Crimezine Exclusive: World’s first detective novel back in print after 150 years

Posted: April 16, 2012 in Crime Fiction Books
Tags: , , , ,

No trivia fans, the first detective novel wasn’t by Edgar Allen Poe, Sir Arthur Conan Doyle, or Emile Gaboriau.

The Notting Hill Mystery by Charles Felix, [AKA Charles Warren Adams] is believed by The British Library to be the first detective novel ever published,


First Detective—Charles Felix

and it is back in print for the first time in a century-and-a-half. The story features, poisoning, hypnotism, kidnapping and a series of crimes, “in their nature and execution too horrible to contemplate”

It has been suggested that Wilkie Collins’s novel The Moonstone, published in 1868, and Emile Gaboriau’s first Monsieur Lecoq novel L’Affaire Lerouge, released in 1866, were the first detective stories, but the British Library says: The Notting Hill Mystery can truly claim to be the first modern detective novel.

First serialized between 1862 and 1863 in the magazine Once a Week, the novel was published in its entirety in 1863 but has been out of print since the turn of the century. The plot features insurance investigator Ralph Henderson, and his struggle to bring wife killing fraudster Baron R___ to justice.

The book uses letters, diary entries, crime reports, witness interviews, maps and forensic evidence—techniques that would not become common features of detective fiction until the 1920’s. The investigation uncovers a heady collection of villainy, including an evil hypnotist, gypsy-kidnappers, poisoners and murder most foul.
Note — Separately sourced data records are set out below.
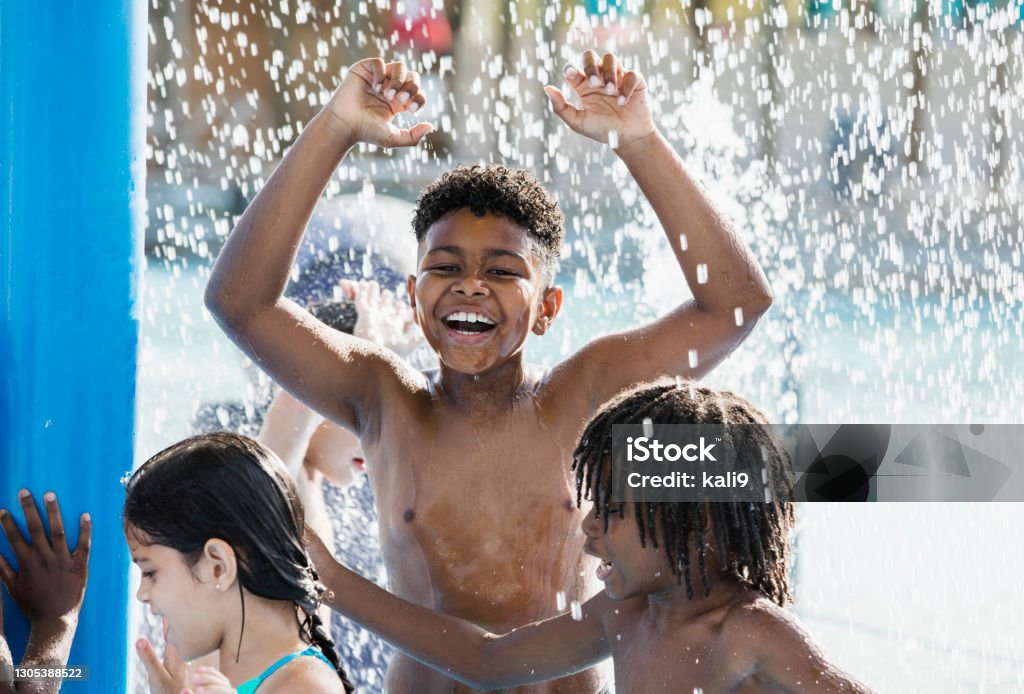 Boy with friends at water park A 10 year old African-American boy having fun playing at a water park. He is standing under splashing water with a group of friends, arms raised, laughing and looking at the camera. Water Park Stock Photo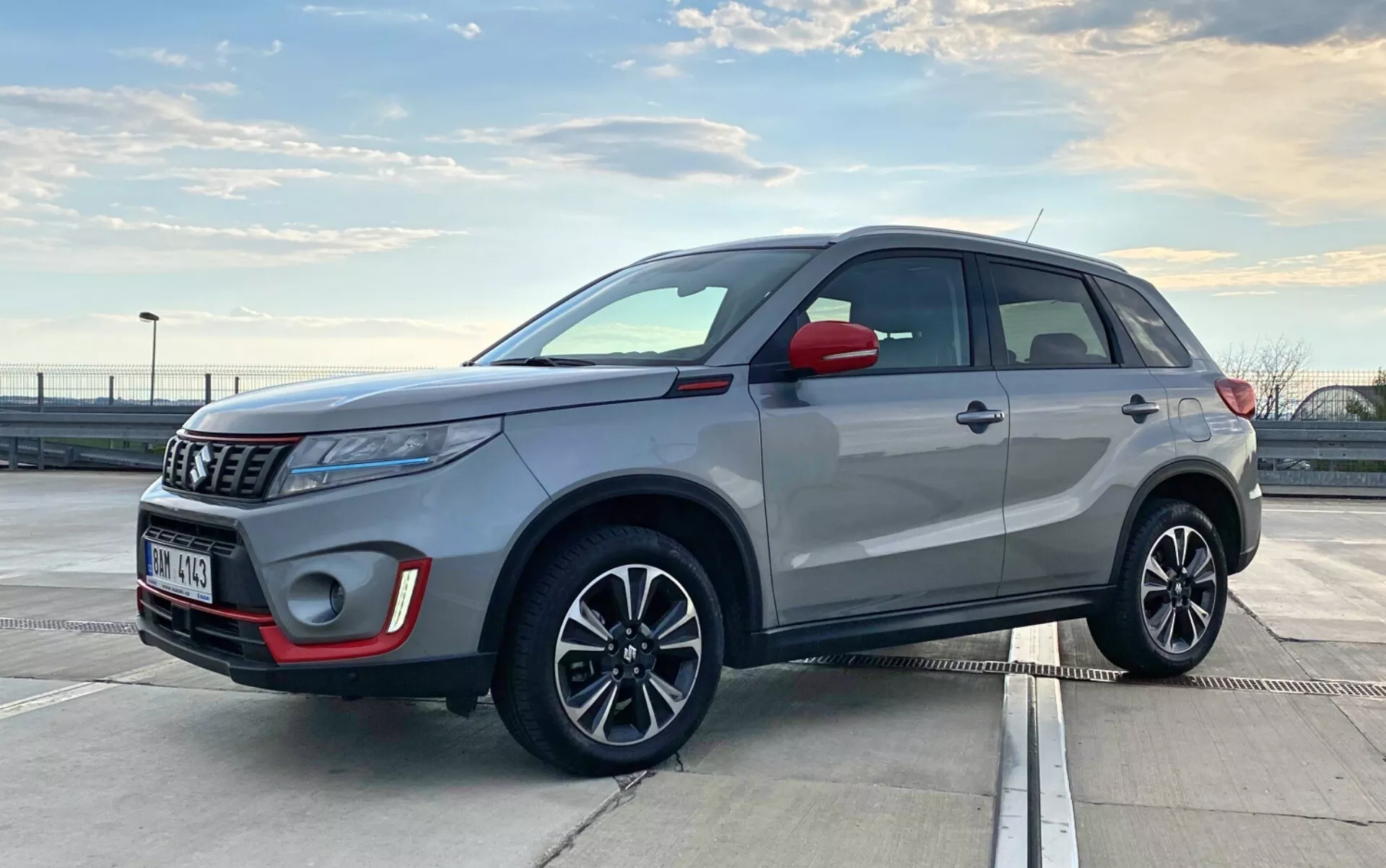 Obrázek zobrazuje Suzuki Vitara 2018, moderní kompaktní SUV, zaparkované venku na denním světle. Je zachyceno z tříčtvrtečního předního pohledu, zdůrazňujícího jak přední, tak boční profil. Úhel je mírně nízký, na úrovni klik dveří, což naznačuje, že fotograf byl v dřepu nebo se ohýbal. Viditelné detaily zahrnují přední mřížku, světla, pouzdro mlhových světel, emblém, boční zrcátka, litá kola s integrovanými směrovými světly, kliky dveří, rámy oken, střechu a střešní ližiny. Projektorová světla a elegantní anténa naznačují pokročilé technologie. Moderní designové prvky SUV naznačují funkce jako LED světla a možná bezklíčový vstupní systém.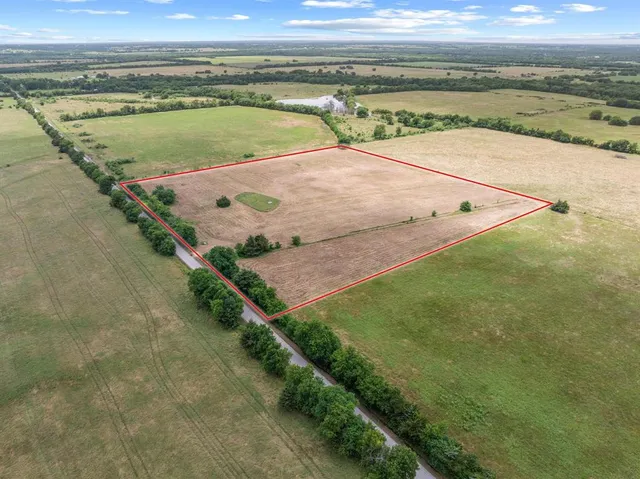 a view of an outdoor space and tennis court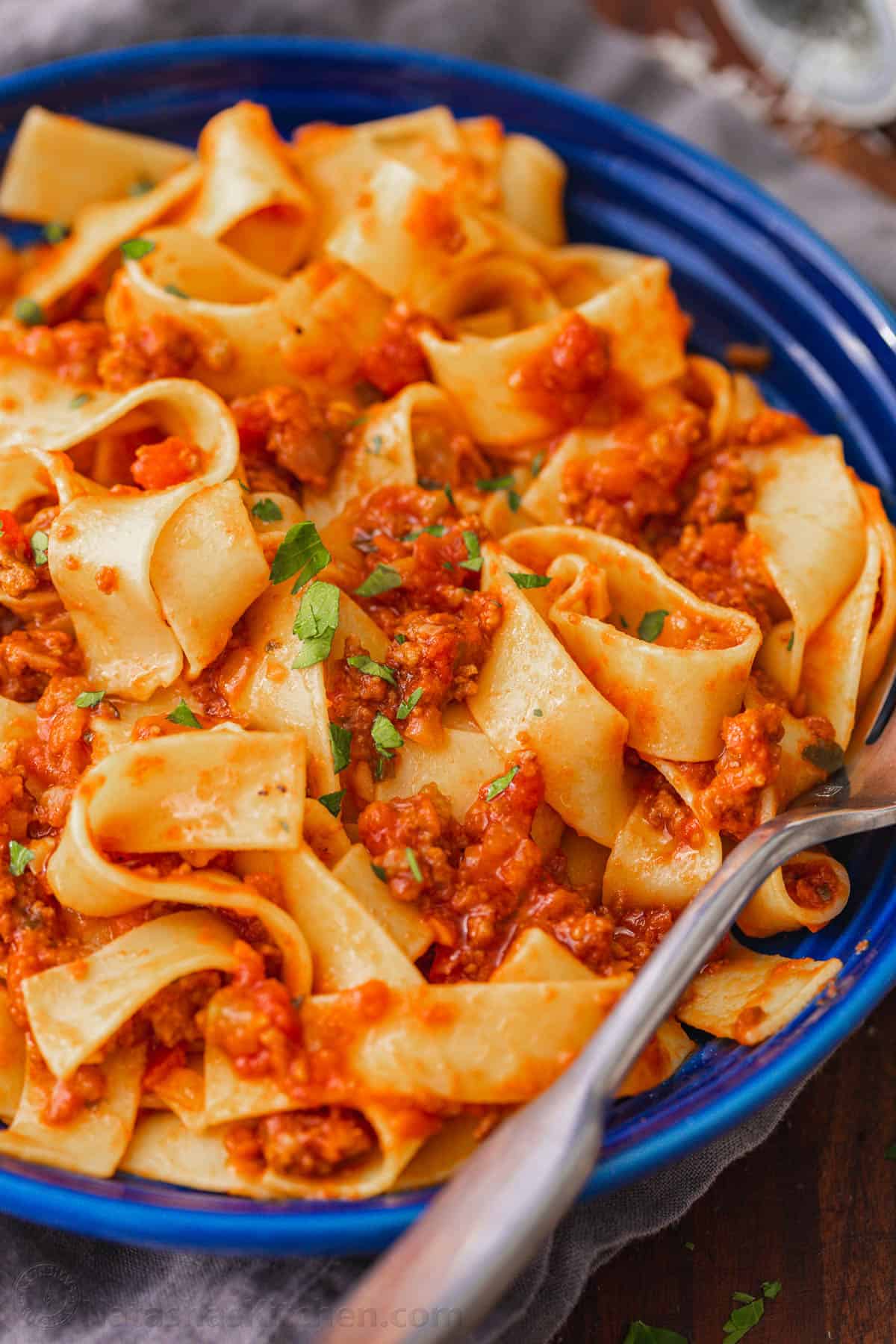 Pappardelle pasta with bolognese sauce in a blue bowl, with a fork.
The plot has been described as strikingly modern, ingenious and utterly mad. The British Library first made the novel available via print-on-demand last March, as part of a collection of 19th century novels. While most sold just two to three copies apiece, The Notting Hill Mystery took off following a glowing review in the New York Times. The Notting Hill Mystery is now available as a trade paperback.

The British Library’s new edition  of The Notting Hill Mystery contains photographs of the original 1863 edition, which featured illustrations by George du Maurier, grandfather of  writer and playwright Daphne.

  1. A useful, and interesting news flash. I really appreciated it.

    • tonybulmer says:

      Thanks Keith, you will no doubt be pleased to hear that the long delay on the latest Harlen Coben review has been caused by your comments on the Killer in the Rain collection which I am now re-reading with great enthusiasm and the weather this week in Los Angeles was Chandler appropriate!

  2. Tony Bulmer says:

    Crimezines story on the Notting Hill Mystery has caused a great deal of consternation amongst followers of the Mighty Poe. Let Crimezine reassure you that we remain deeply committed from the bottom of our dark beating hearts —to the work of Poe.
    Please accept this tasty link by way of compensation—

  3. spikey says:

    Edgar Allen Poe wrote the first detective novel. Only a British twat would claim otherwise.